• _Records to process_:
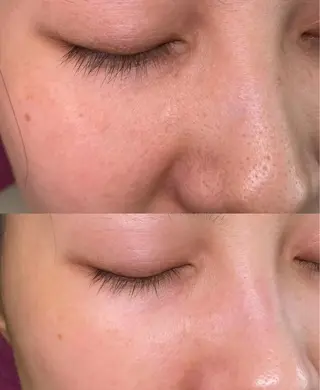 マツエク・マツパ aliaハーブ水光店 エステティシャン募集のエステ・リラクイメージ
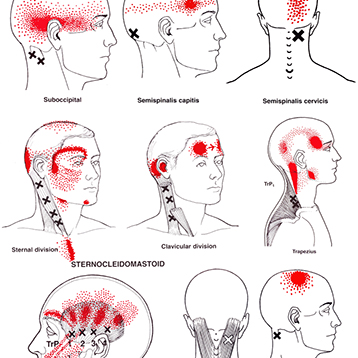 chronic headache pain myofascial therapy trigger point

==

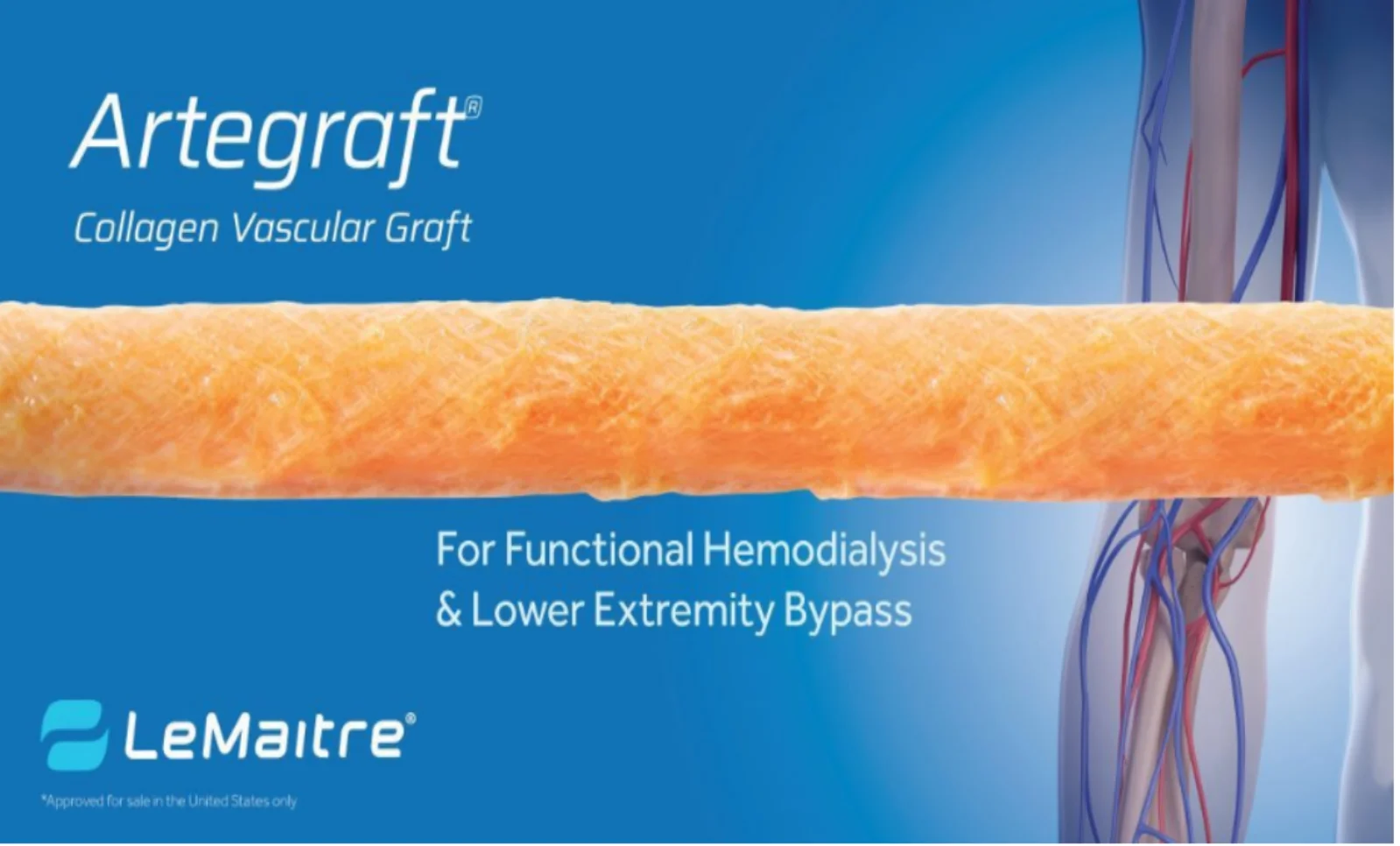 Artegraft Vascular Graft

==

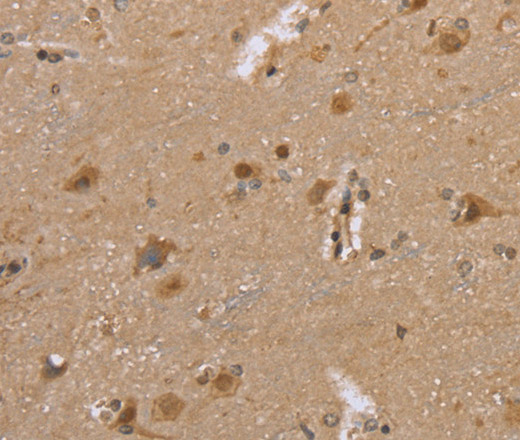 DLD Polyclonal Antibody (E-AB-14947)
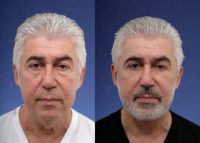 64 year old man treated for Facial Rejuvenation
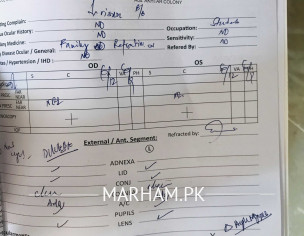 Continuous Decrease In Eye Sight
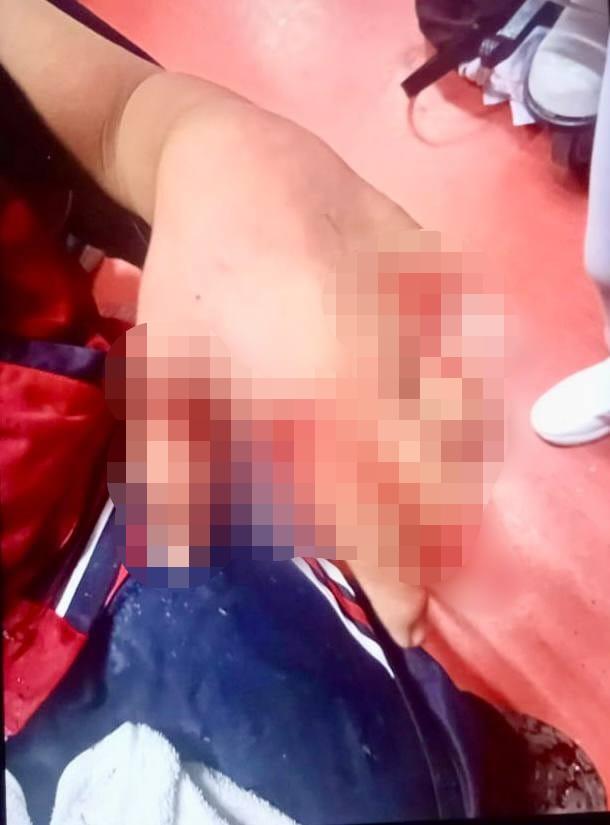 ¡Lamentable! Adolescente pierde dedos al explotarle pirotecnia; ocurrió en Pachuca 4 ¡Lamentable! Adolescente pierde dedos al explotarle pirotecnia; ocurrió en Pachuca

• _Brief_:
What is needed is an exact copy of the lines above from the one with "64 year old" to the one with "en Pachuca 4", both ends kept, and nothing more; please leave the pictures out.

• _Solution for this task_:
 64 year old man treated for Facial Rejuvenation
 Continuous Decrease In Eye Sight
 ¡Lamentable! Adolescente pierde dedos al explotarle pirotecnia; ocurrió en Pachuca 4 ¡Lamentable! Adolescente pierde dedos al explotarle pirotecnia; ocurrió en Pachuca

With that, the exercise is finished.